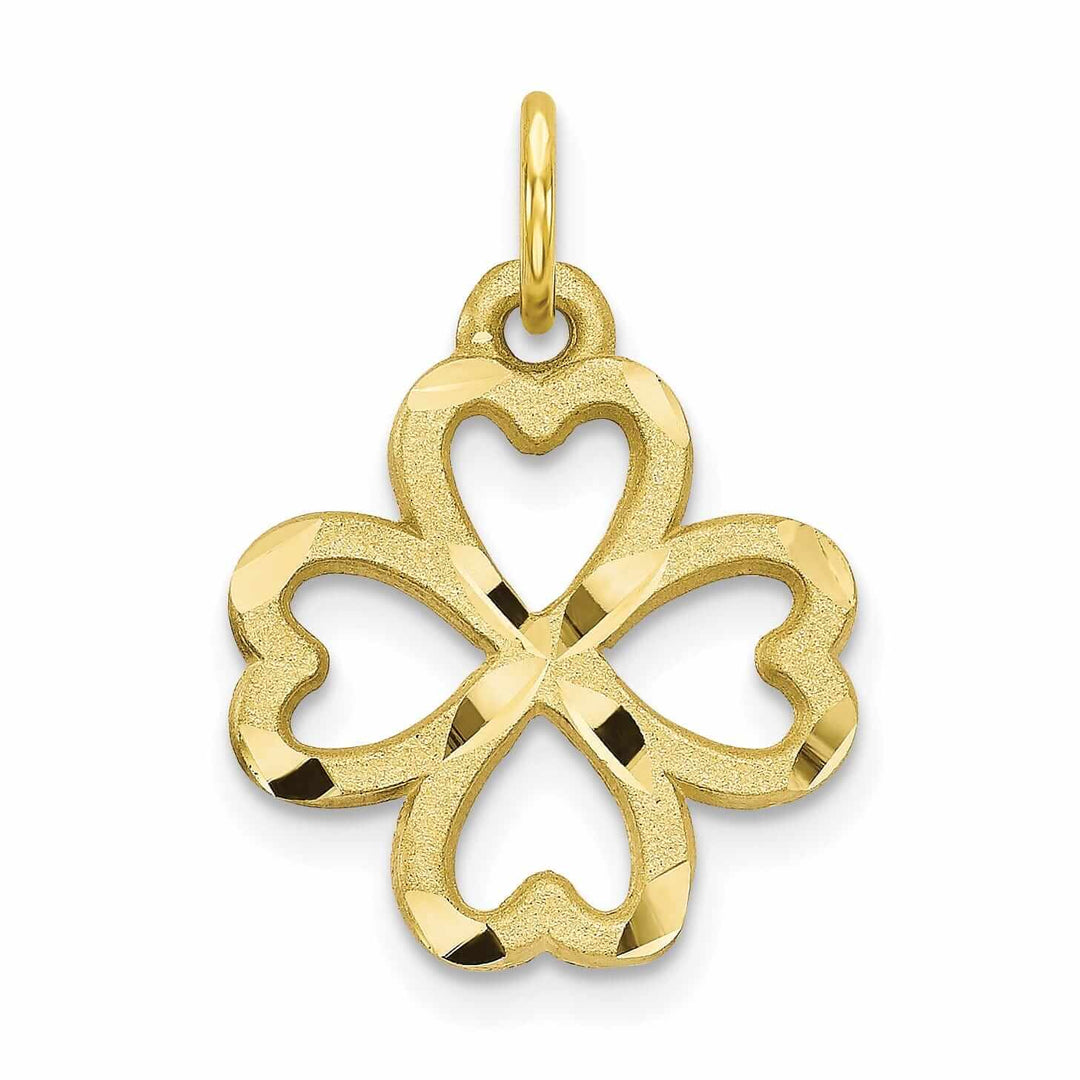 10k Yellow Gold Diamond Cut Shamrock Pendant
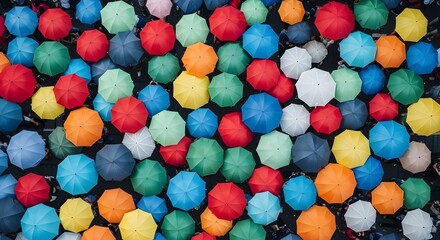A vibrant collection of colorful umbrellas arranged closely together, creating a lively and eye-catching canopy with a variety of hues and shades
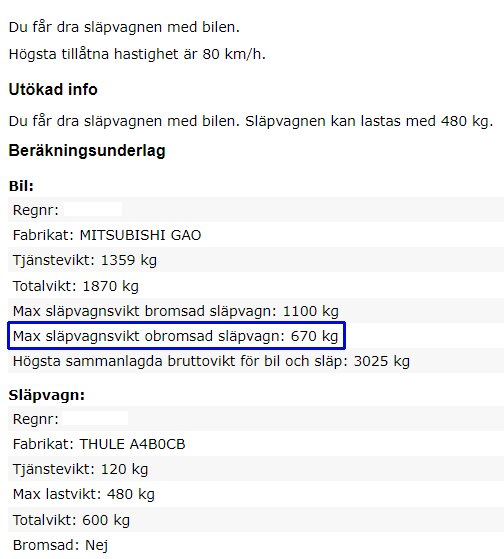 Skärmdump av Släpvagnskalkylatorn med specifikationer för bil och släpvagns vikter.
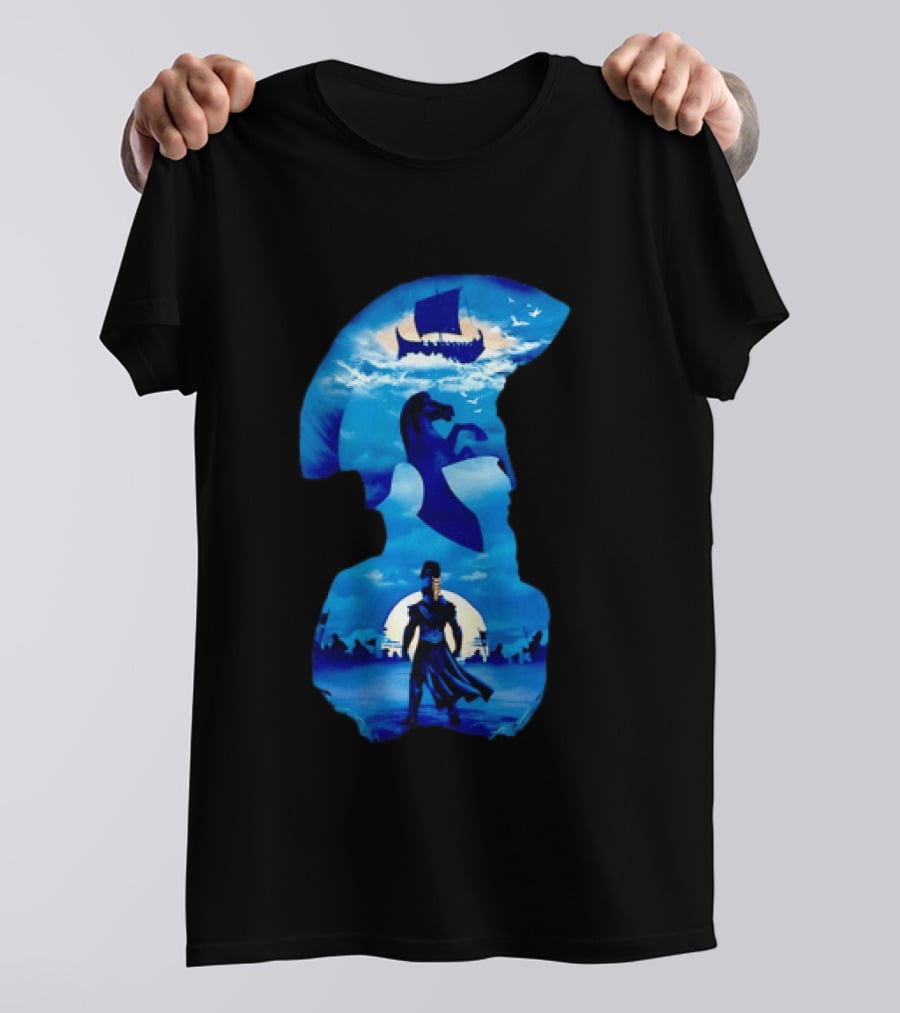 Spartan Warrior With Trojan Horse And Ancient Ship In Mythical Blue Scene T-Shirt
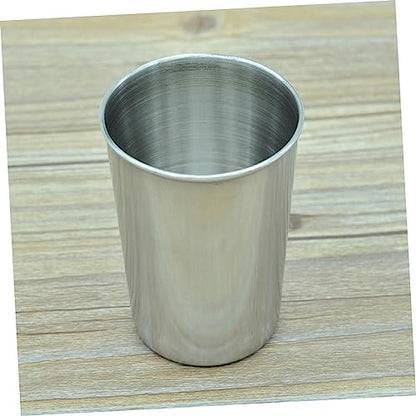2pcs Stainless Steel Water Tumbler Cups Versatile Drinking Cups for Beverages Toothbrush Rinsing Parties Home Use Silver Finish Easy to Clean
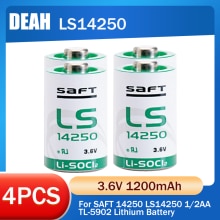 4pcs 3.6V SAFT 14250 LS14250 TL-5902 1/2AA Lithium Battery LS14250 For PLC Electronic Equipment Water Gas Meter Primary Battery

—————

Please retype the lines from the one that contains "2pcs Stainless Steel" to the final line of the records, both included, exactly as written and without any pictures.

Result of this task
2pcs Stainless Steel Water Tumbler Cups Versatile Drinking Cups for Beverages Toothbrush Rinsing Parties Home Use Silver Finish Easy to Clean
 4pcs 3.6V SAFT 14250 LS14250 TL-5902 1/2AA Lithium Battery LS14250 For PLC Electronic Equipment Water Gas Meter Primary Battery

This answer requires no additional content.